Janelle Wilkins, a sophomore studying world religions, is surprised with the amount of violations at OU because it means bar owners are involved with campus drinking culture.

“I’m surprised because it’s people not involved with OU,” she said. “So, bar owners should have better standards.”

Liana Powell, a sophomore studying music therapy, said she is not surprised by the students’ actions.

“I’m surprised how bars don’t enforce it as much,” she said. “They could do better with bouncers enforcing rules. But I think every campus has this issue.”

R.I.S.E, OU’s collegiate recovery program, is a support group that is open to anyone recovering from any type of addiction or addictive behavior, Ann Addington, OU’s assistant director of health promotion, said.

“We cover a wide range of different things in the group, from seeking recovery to early recovery to long-term recovery, we have a mixture,” she said. “Our meetings are very open and we check in with each person individually during every meeting to see if anybody is struggling with anything.”

If a student is arrested due underage drinking, they are not obligated to attend the meetings, but it is encouraged.
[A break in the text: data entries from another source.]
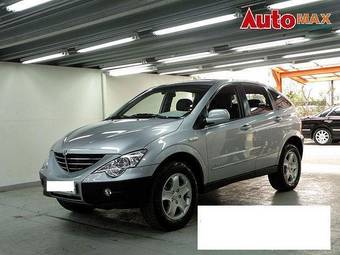 2008 SsangYong Actyon Pictures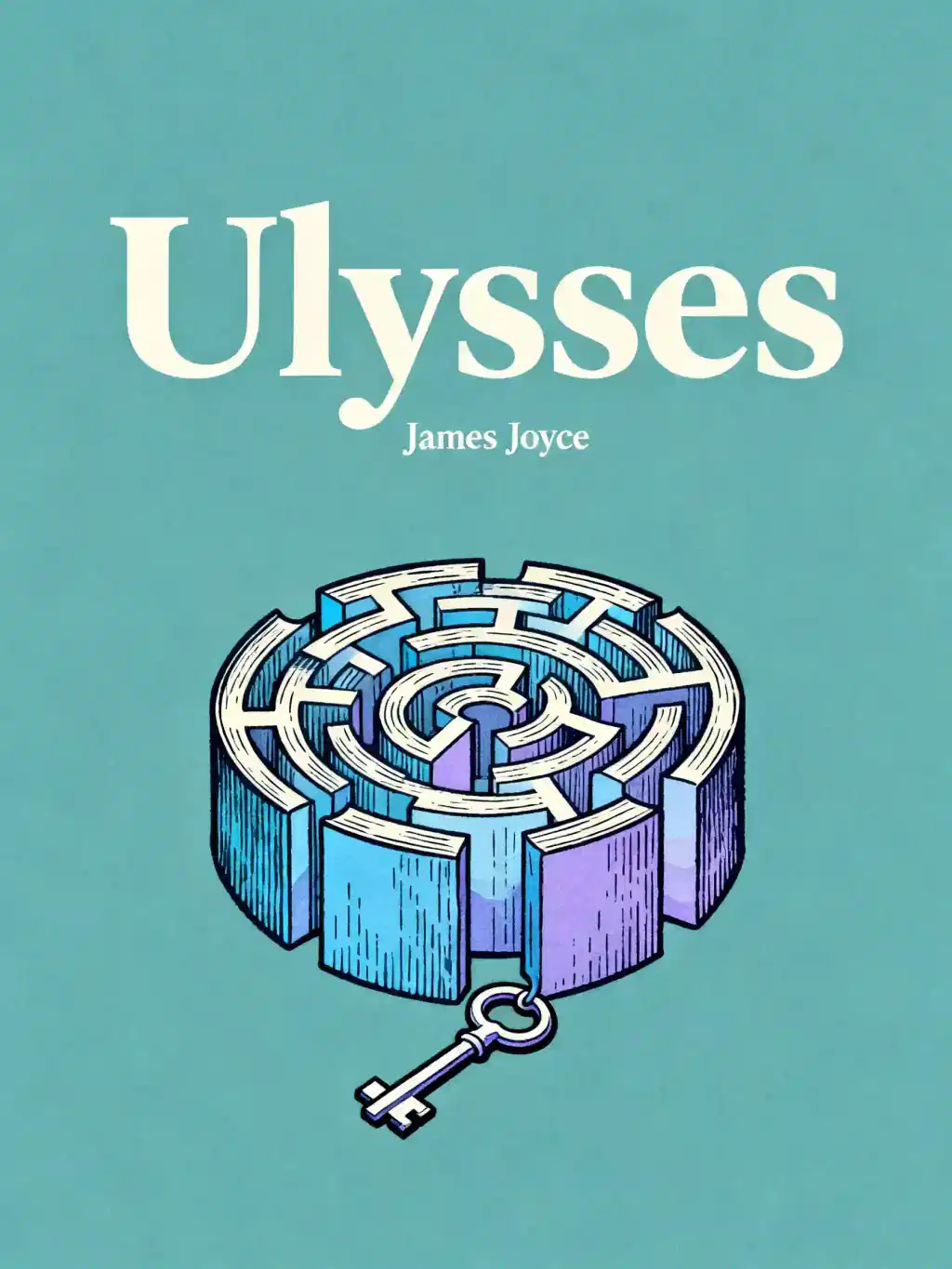 Ulysses book cover
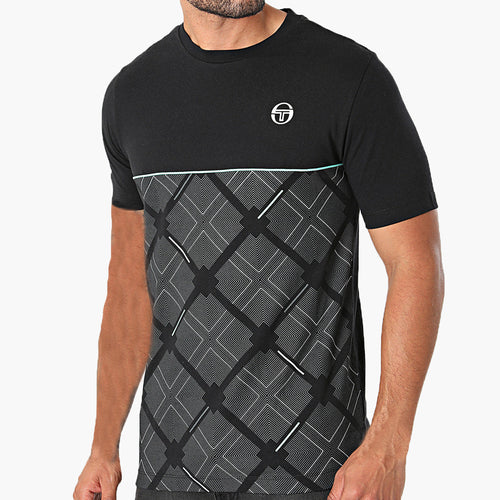 Camiseta Sergio Tacchini Nosentric - Negro - Footkorner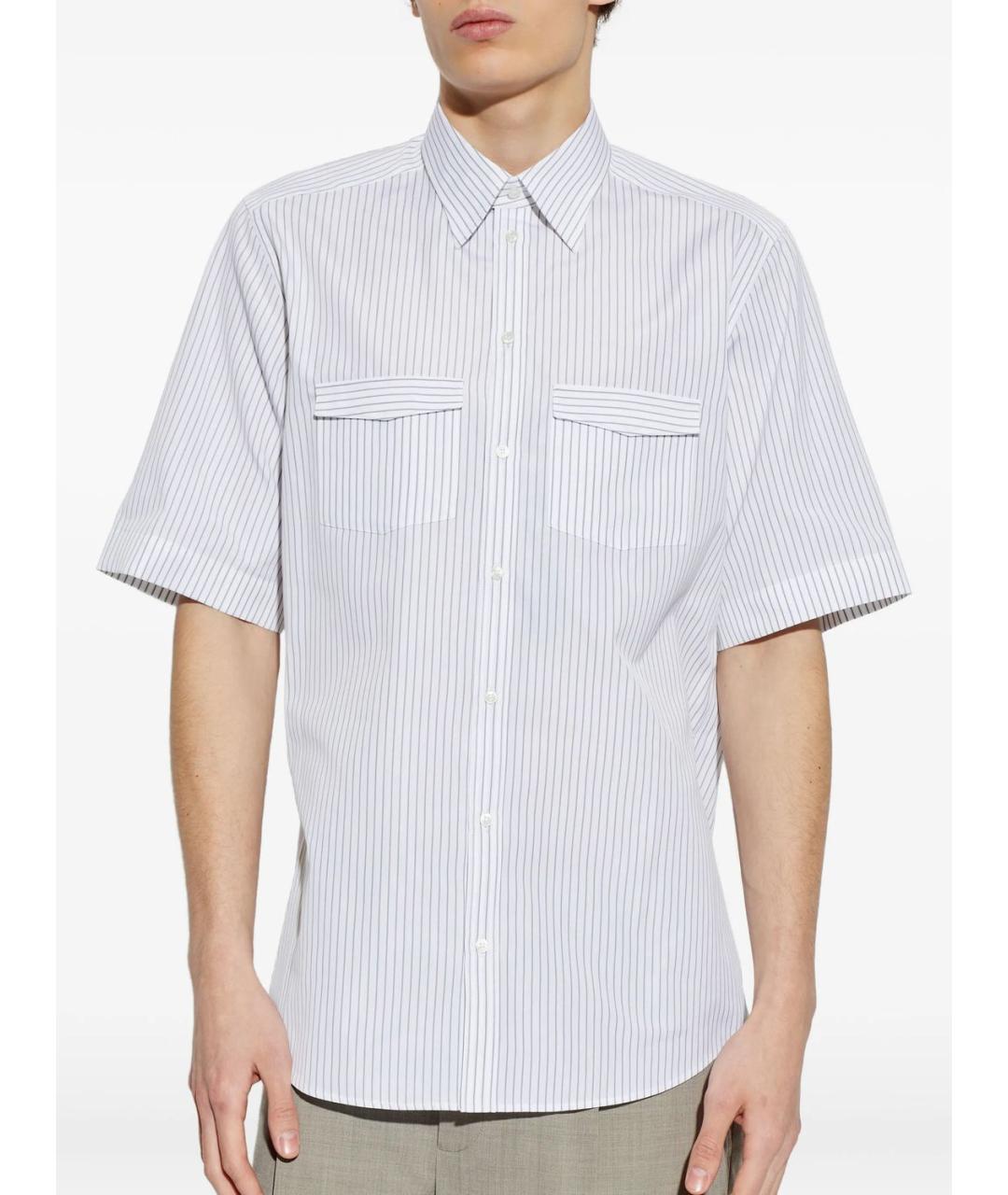 DOLCE&GABBANA Хлопковая кэжуал рубашка, фото 3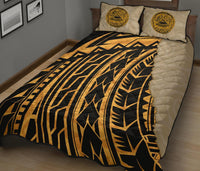 American Samoa Quilt Bed Set - Polynesian Wild Style - Polynesian Pride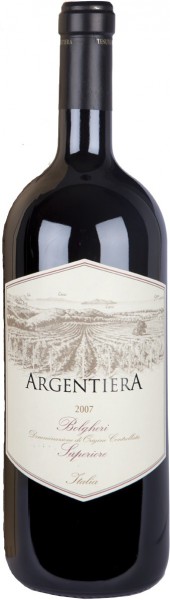 Вино "Argentiera" Bolgheri Superiore DOC, 2007, 1.5 л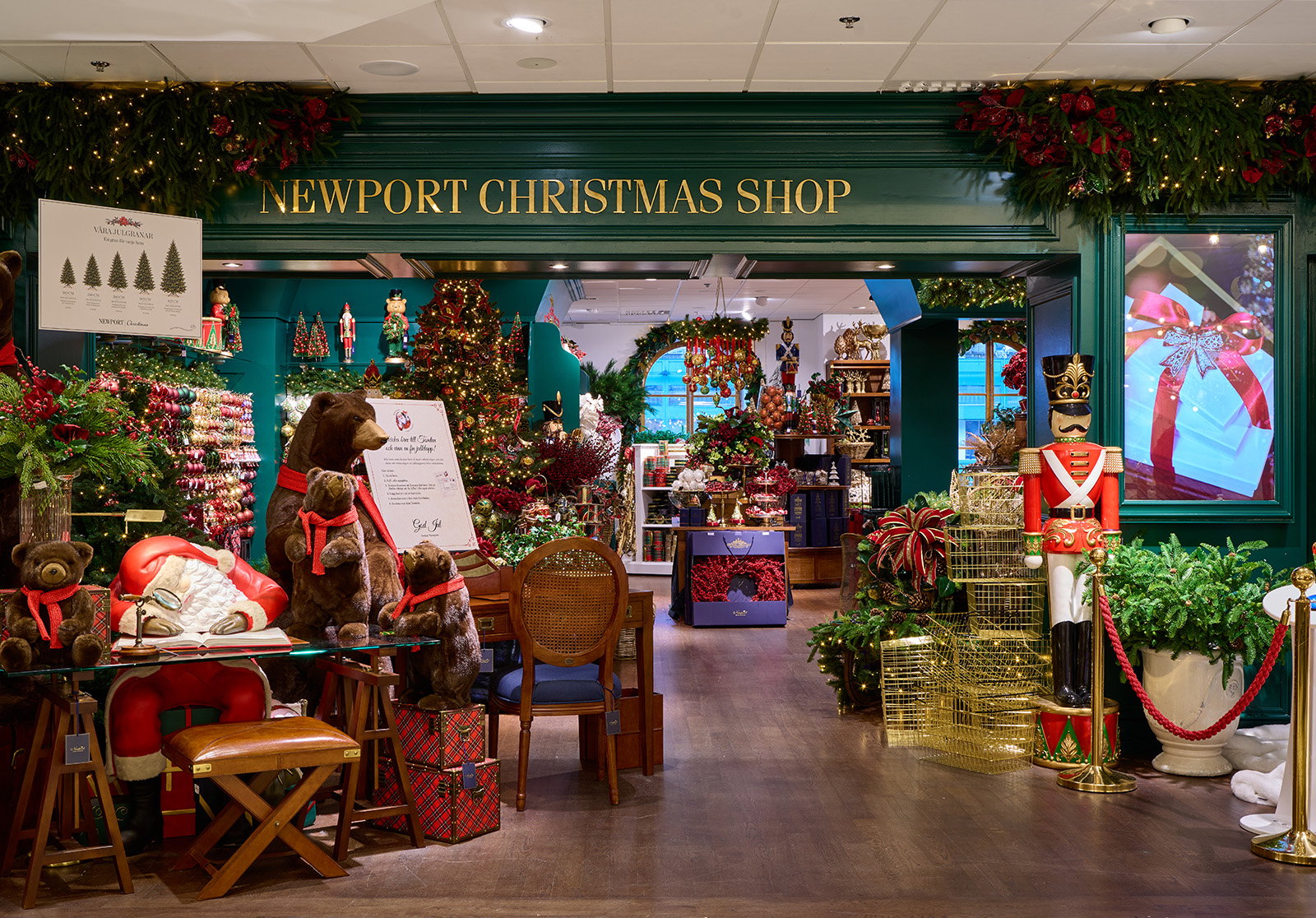 Newport NK Stockholm
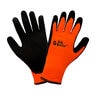 Ice Gripster Insulated Hi-Vis Freezer Gloves Orange Medium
The Office of Community Standards and Student Responsibility provides information about the program and may require students sanctioned for violating the student code of conduct to attend meetings.

“They can make a suggestion, but it cannot be mandated to come into our office, Addington said.

Correction: A previous version of this report and map misstated the number of violations at some bars. The article and map have been updated to reflect the most accurate information.